─── Records for processing
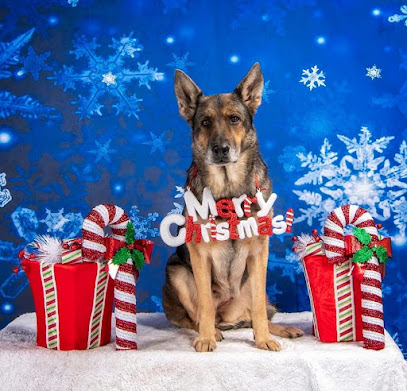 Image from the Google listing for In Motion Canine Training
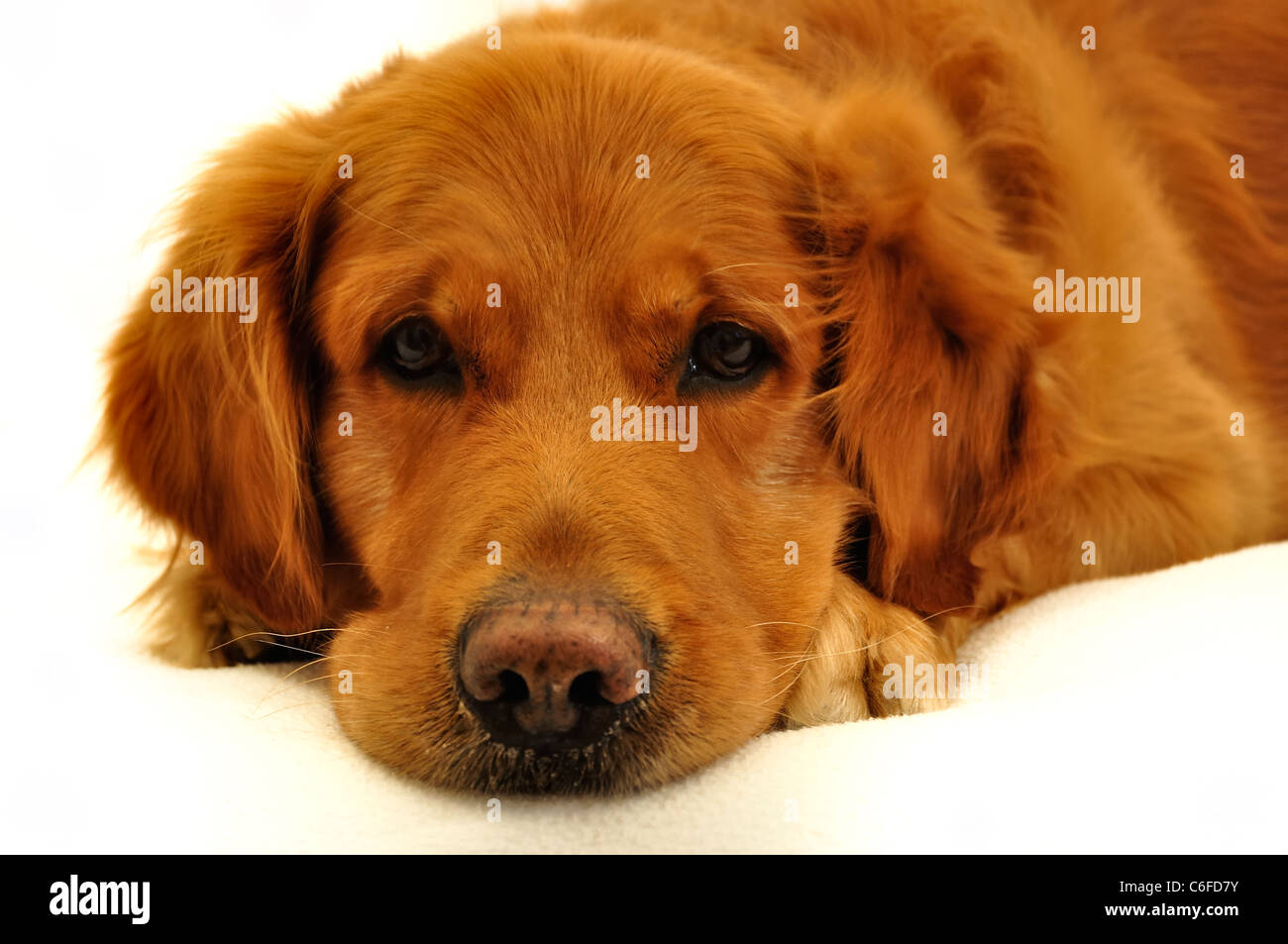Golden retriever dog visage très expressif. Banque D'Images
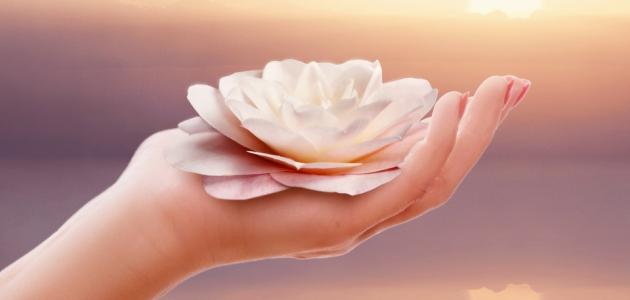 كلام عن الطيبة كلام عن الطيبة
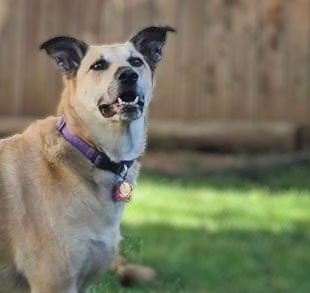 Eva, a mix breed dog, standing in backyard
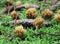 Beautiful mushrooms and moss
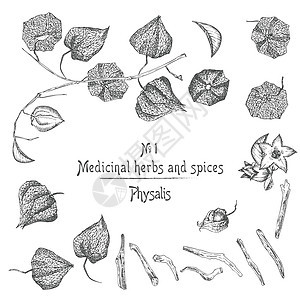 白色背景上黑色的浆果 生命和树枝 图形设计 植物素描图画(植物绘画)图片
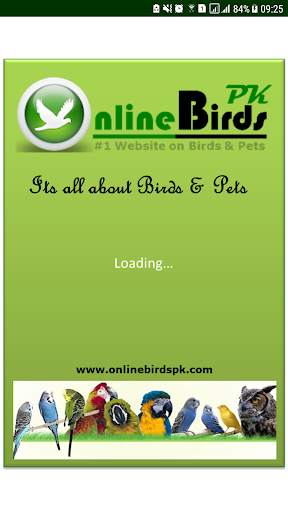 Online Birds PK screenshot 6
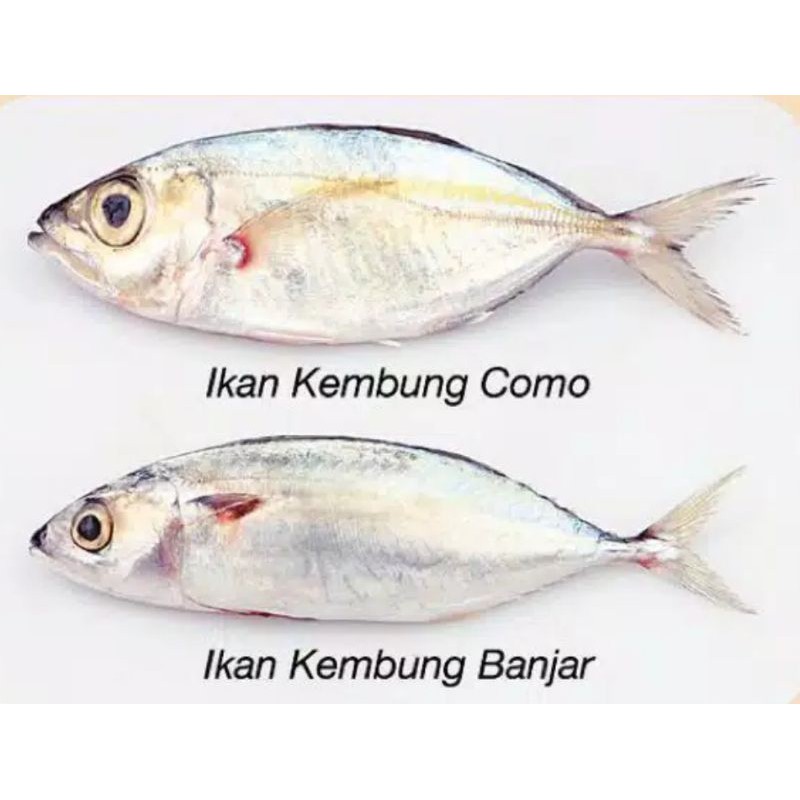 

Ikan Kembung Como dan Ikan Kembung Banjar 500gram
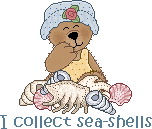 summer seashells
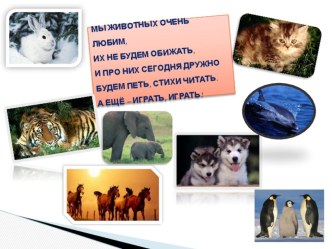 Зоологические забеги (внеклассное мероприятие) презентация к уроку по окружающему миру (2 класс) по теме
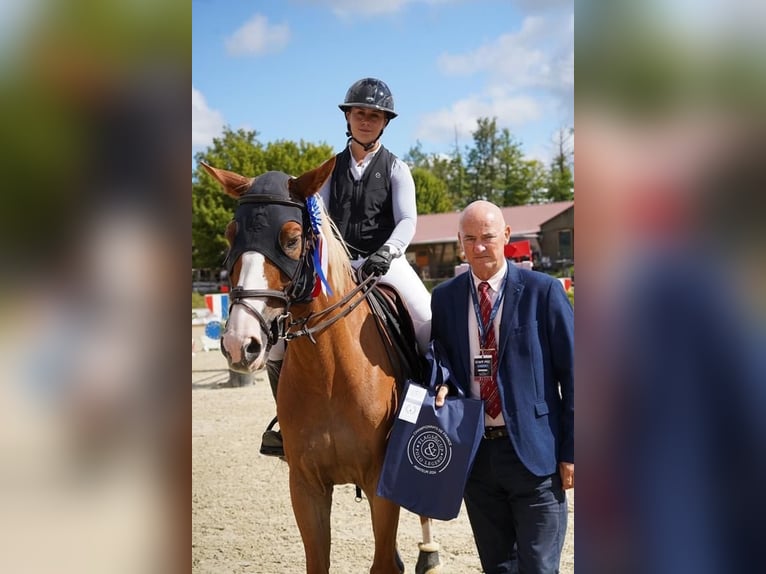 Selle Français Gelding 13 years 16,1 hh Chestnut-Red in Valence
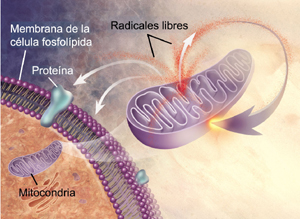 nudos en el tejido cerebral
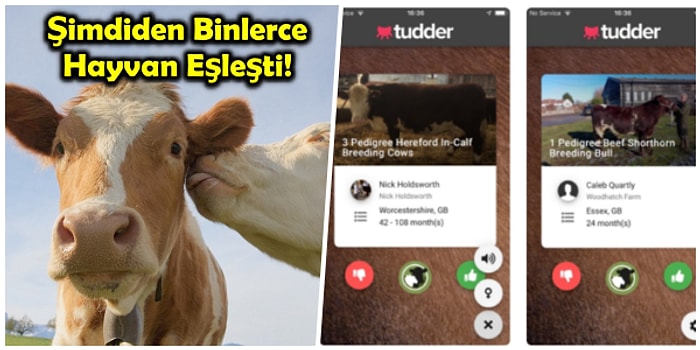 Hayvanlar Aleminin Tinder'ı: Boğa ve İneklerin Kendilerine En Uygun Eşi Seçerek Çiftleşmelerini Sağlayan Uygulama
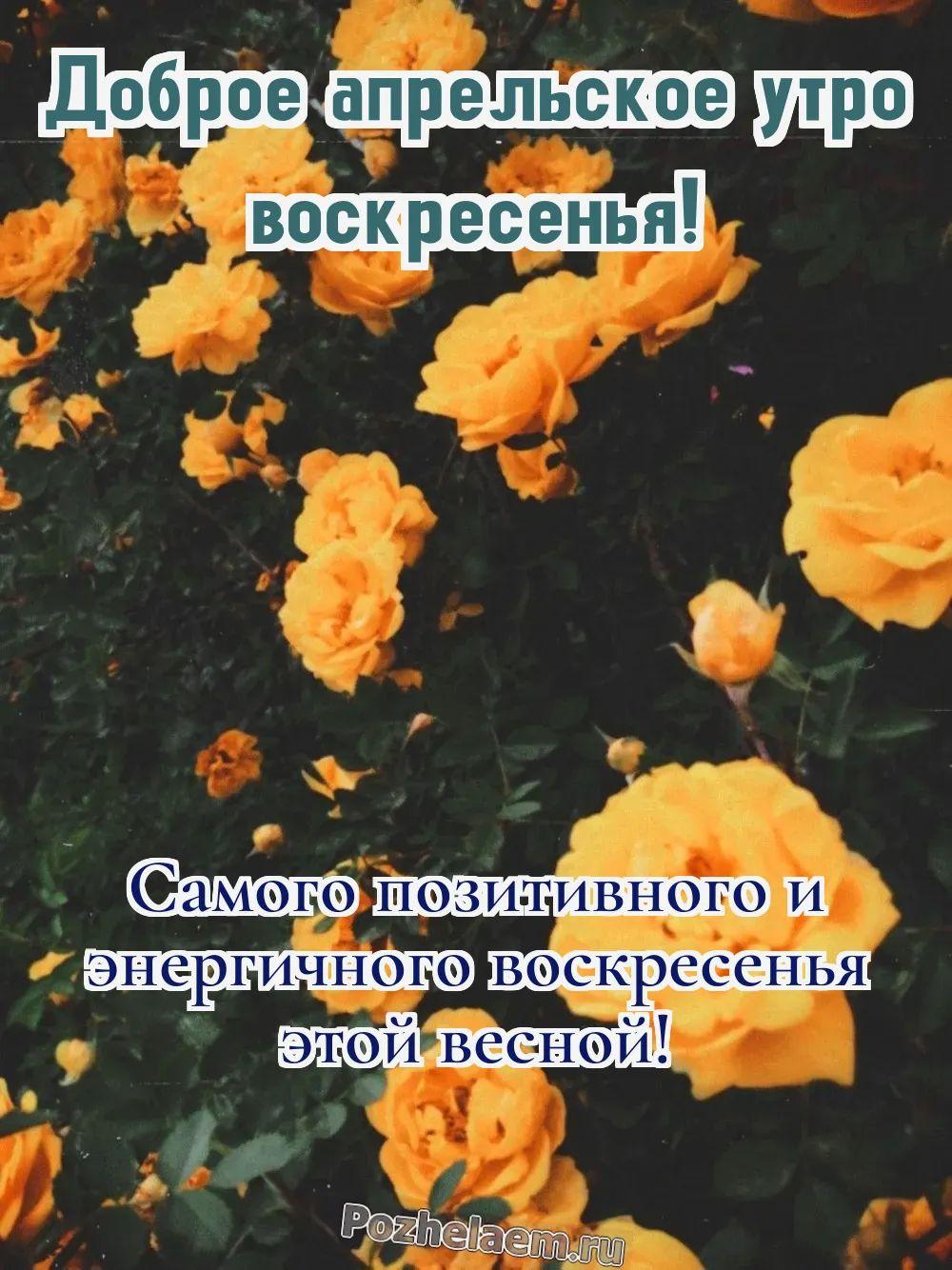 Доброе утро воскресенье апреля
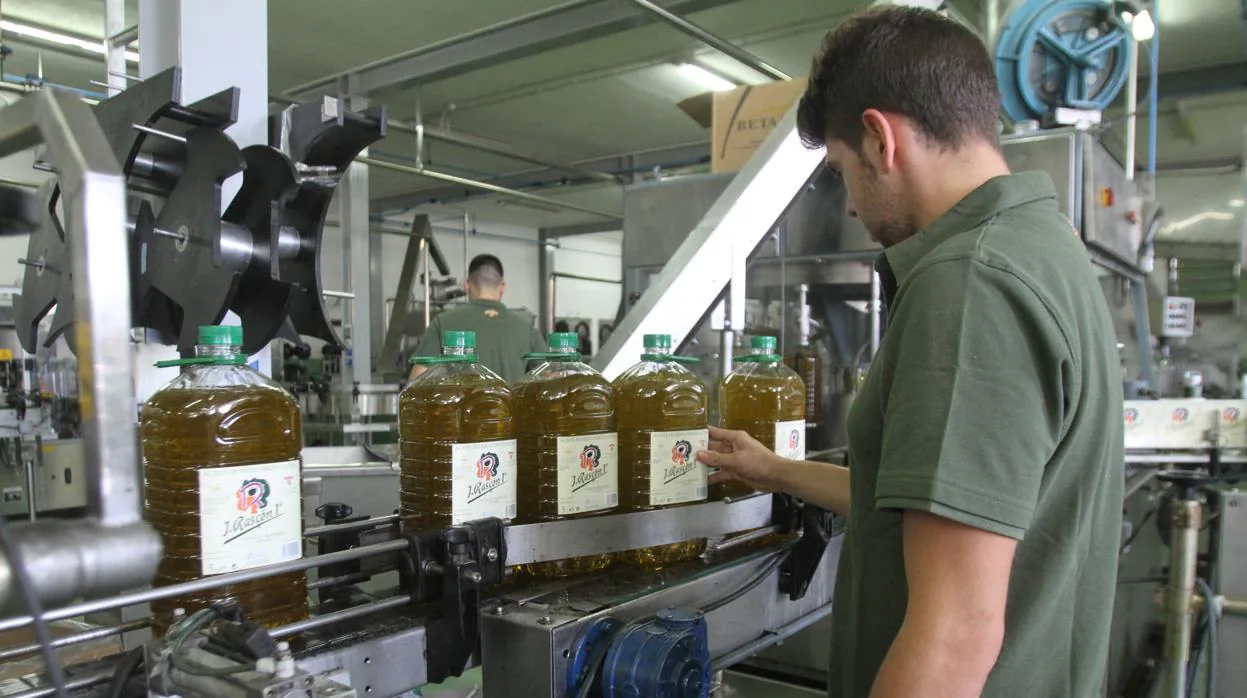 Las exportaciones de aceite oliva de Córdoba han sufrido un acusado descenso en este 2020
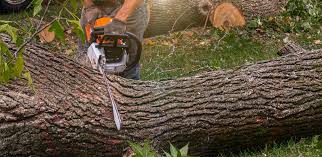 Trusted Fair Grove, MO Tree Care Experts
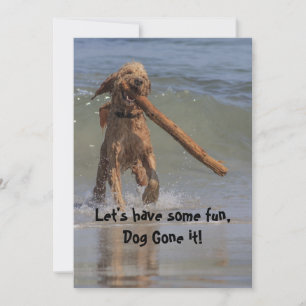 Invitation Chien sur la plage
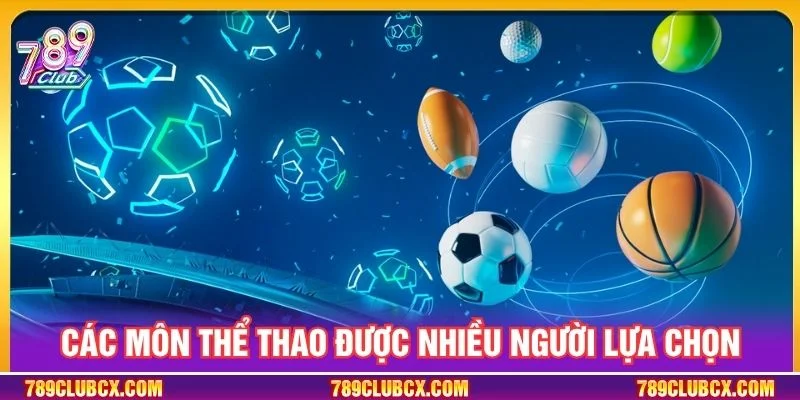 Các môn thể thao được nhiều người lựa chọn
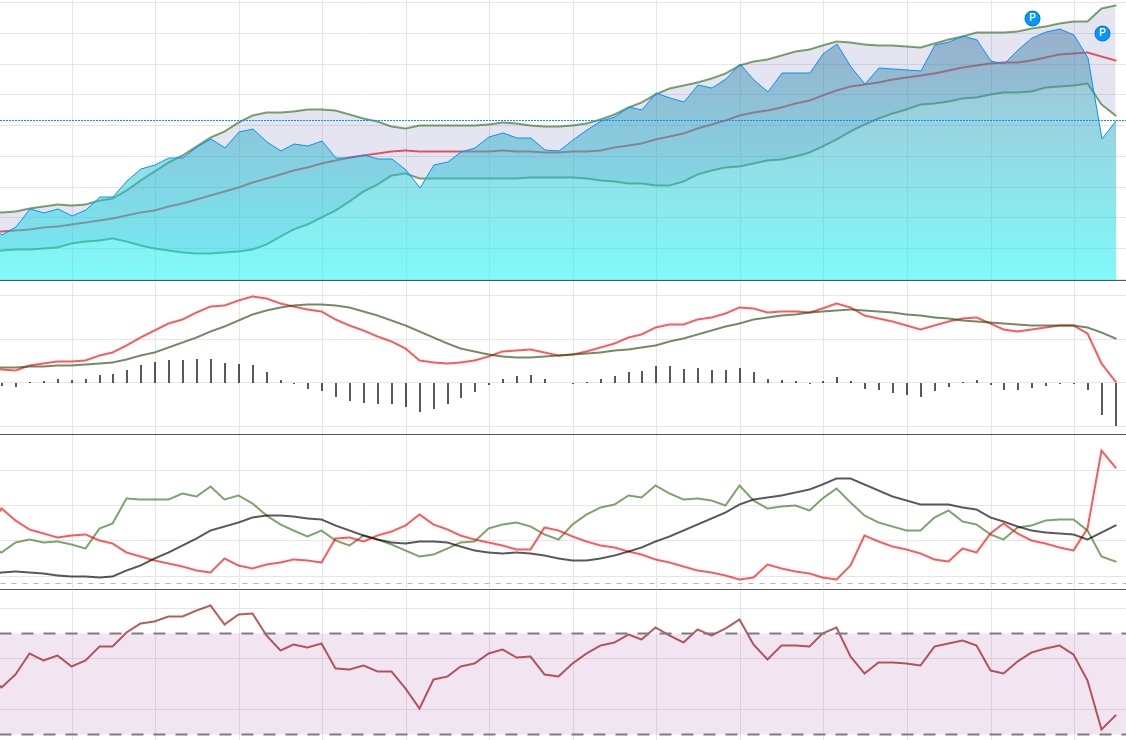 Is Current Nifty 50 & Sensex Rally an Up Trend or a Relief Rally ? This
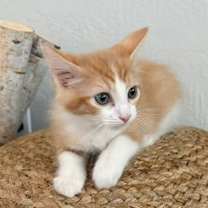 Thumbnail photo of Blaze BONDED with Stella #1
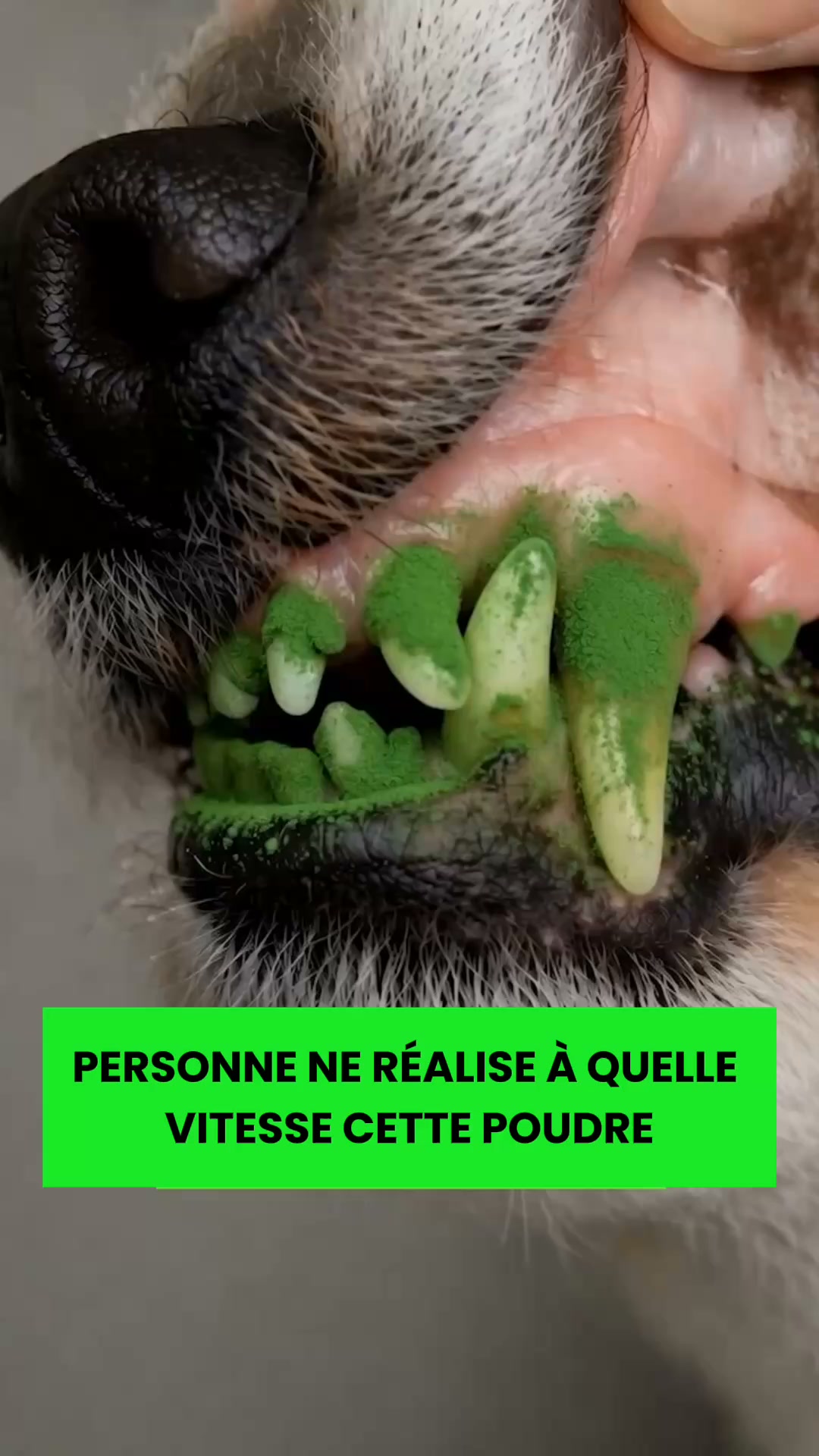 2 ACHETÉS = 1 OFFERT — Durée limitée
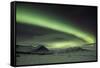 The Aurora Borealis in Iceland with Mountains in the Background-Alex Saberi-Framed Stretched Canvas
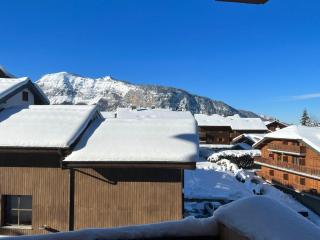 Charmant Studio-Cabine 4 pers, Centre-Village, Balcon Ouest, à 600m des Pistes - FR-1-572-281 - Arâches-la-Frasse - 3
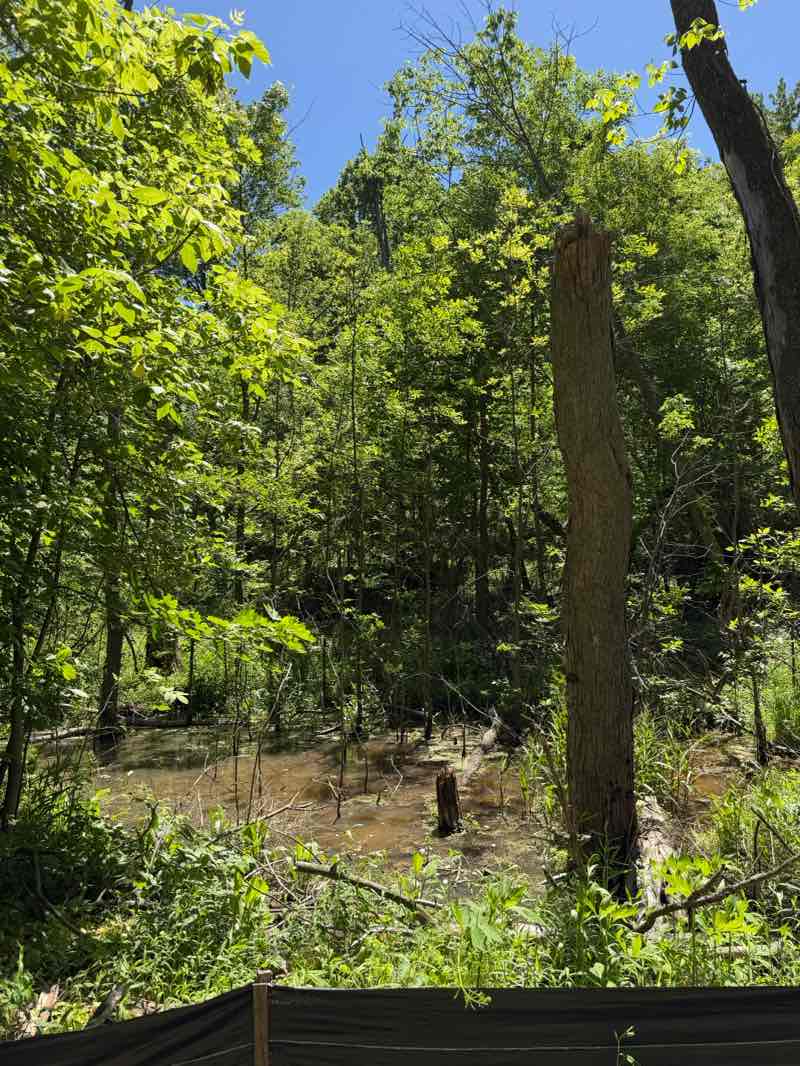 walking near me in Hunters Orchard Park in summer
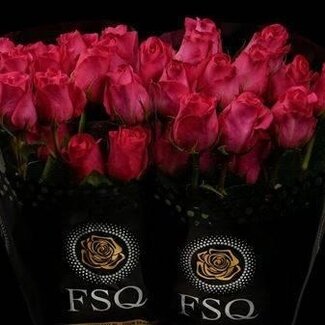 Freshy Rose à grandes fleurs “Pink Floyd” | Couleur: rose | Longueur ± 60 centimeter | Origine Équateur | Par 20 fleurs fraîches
──────
● **Problem requirements**: Beginning with the first line of the records above, extract each line exactly through the line that holds "summer seashells", both ends included. Omit pictures.

● **Task answer**:
 Image from the Google listing for In Motion Canine Training
Golden retriever dog visage très expressif. Banque D'Images
 كلام عن الطيبة كلام عن الطيبة
 Eva, a mix breed dog, standing in backyard
 Beautiful mushrooms and moss
 白色背景上黑色的浆果 生命和树枝 图形设计 植物素描图画(植物绘画)图片
 Online Birds PK screenshot 6

Ikan Kembung Como dan Ikan Kembung Banjar 500gram
 summer seashells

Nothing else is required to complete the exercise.